Item 2.05     Costs Associated with Exit or Disposal Activities.
On May 11, 2012, Rogers Corporation (the “Company”) filed a Current Report on Form 8-K under Item 2.05 (the “Original Filing”), disclosing its commitment, in connection with its continuing efforts to reduce operating costs,  to a plan to cease operations at its leased manufacturing site in Bremen, Germany.   The manufacture of certain silicone materials produced in the Bremen facility will be consolidated into the Company’s existing facility in Carol Stream, Illinois.  At the time of the Original Filing, the Company was not able to reasonably estimate the expenses and charges related to the termination of its operations at the Bremen site.  The Original Filing is hereby amended to provide that information.

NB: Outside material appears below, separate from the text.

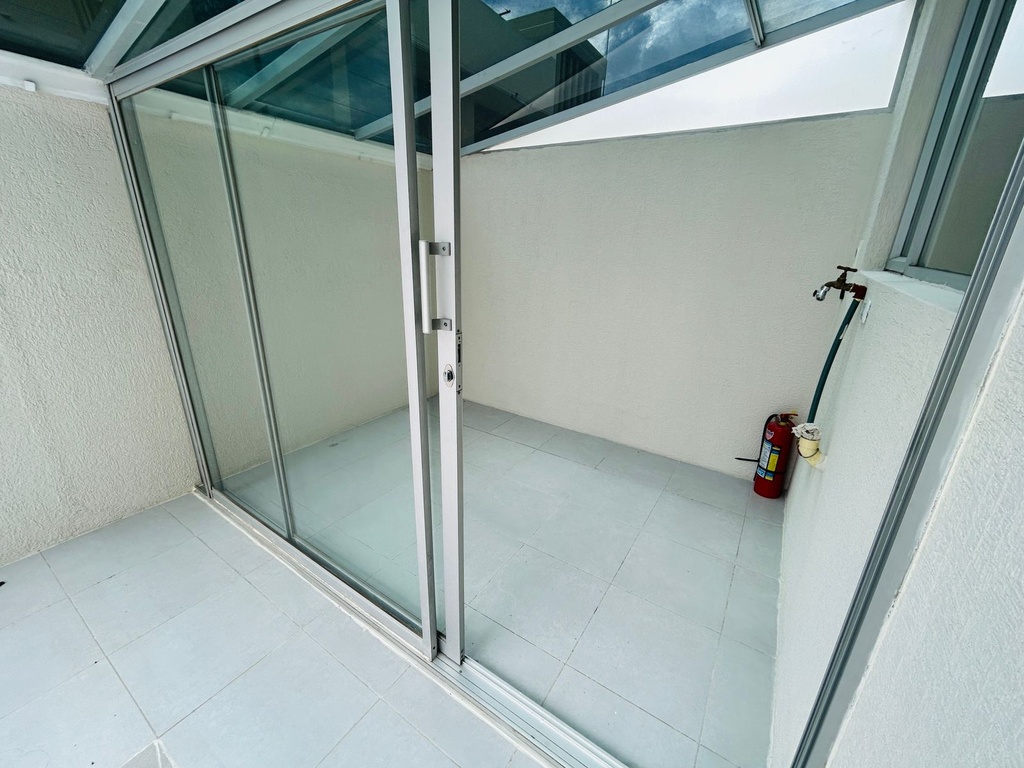 Suite Moderna en Alquiler Sector Cumbayá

The expenses and charges related to the termination of the Company’s operations at the Bremen facility are estimated to be $3.0 million, comprised of the following major components:  (i) $0.9 million associated with the early termination of the lease for the 68,000 square foot building; (ii) $0.8 million associated with the separation from employment of approximately 33 employees at the facility; (iii) $0.2 million associated with physically removing and transporting certain manufacturing equipment and preparing the building for return to the landlord; (iv) $0.5 million related to the impairment of certain assets, and (v) approximately $0.6 million of other related charges.  Approximately $2.7 million of these charges will be recognized in the second quarter of 2012 with the remainder to be recognized over the third and fourth quarters of 2012.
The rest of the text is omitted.